# Task item:
The material below has pictures in it. Set down only the lines from the line containing "Califone Deluxe Multimedia" through the line containing "New Temperament Satin", word for word, and leave the pictures behind.

# Dataset content:
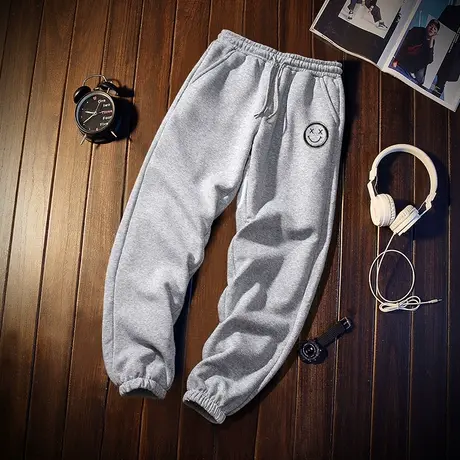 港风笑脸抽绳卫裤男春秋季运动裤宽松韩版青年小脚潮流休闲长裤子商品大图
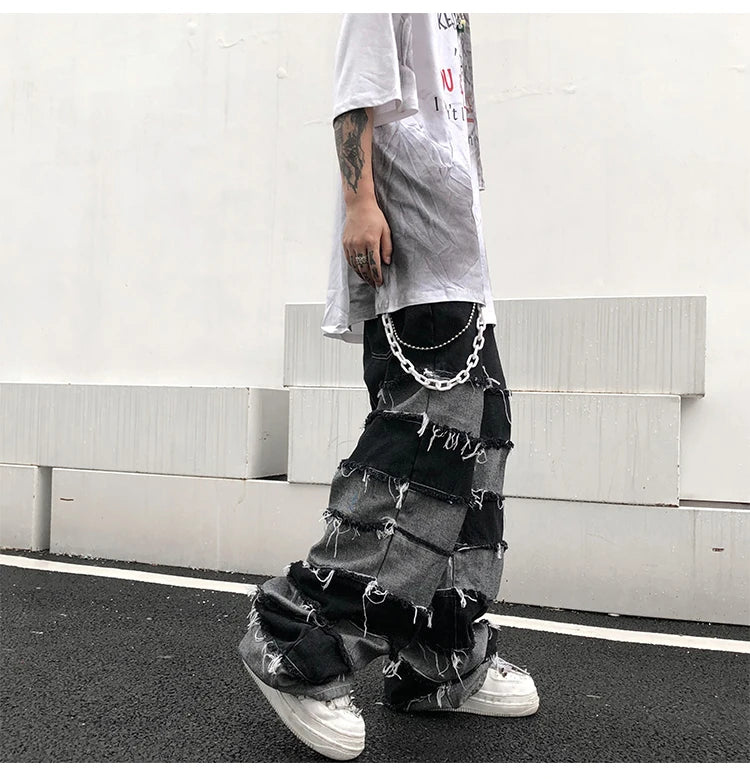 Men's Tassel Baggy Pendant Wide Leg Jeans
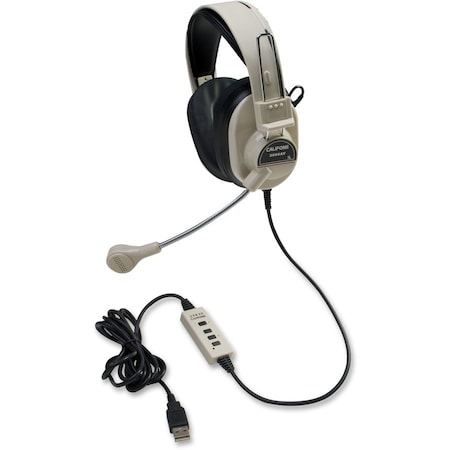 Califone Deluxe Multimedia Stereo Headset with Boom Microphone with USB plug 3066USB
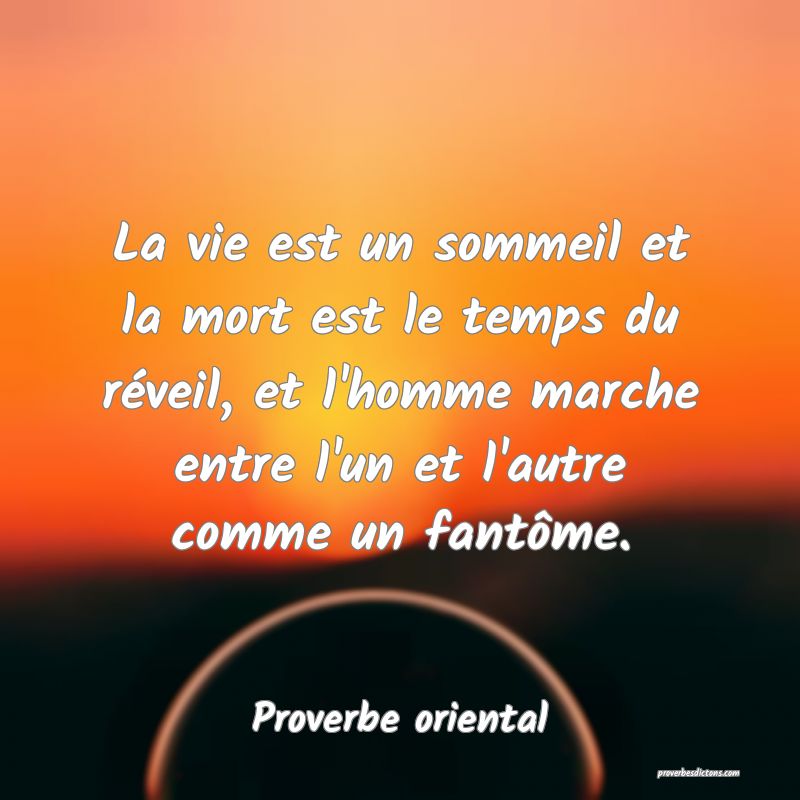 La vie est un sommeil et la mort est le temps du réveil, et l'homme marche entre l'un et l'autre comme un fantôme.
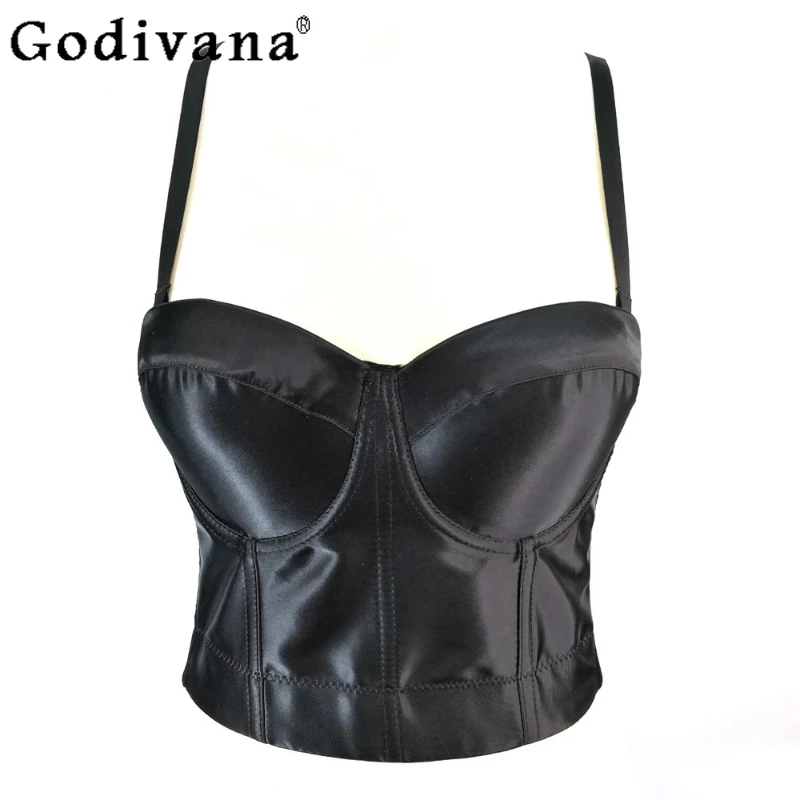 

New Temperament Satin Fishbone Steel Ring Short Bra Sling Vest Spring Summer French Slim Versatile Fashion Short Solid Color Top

--

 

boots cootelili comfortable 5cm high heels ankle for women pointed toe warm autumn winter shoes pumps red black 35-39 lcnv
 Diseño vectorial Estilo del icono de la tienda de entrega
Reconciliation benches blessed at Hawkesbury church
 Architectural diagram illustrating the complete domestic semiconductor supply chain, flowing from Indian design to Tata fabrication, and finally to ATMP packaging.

# Task answer:
 Califone Deluxe Multimedia Stereo Headset with Boom Microphone with USB plug 3066USB
 La vie est un sommeil et la mort est le temps du réveil, et l'homme marche entre l'un et l'autre comme un fantôme.

New Temperament Satin Fishbone Steel Ring Short Bra Sling Vest Spring Summer French Slim Versatile Fashion Short Solid Color Top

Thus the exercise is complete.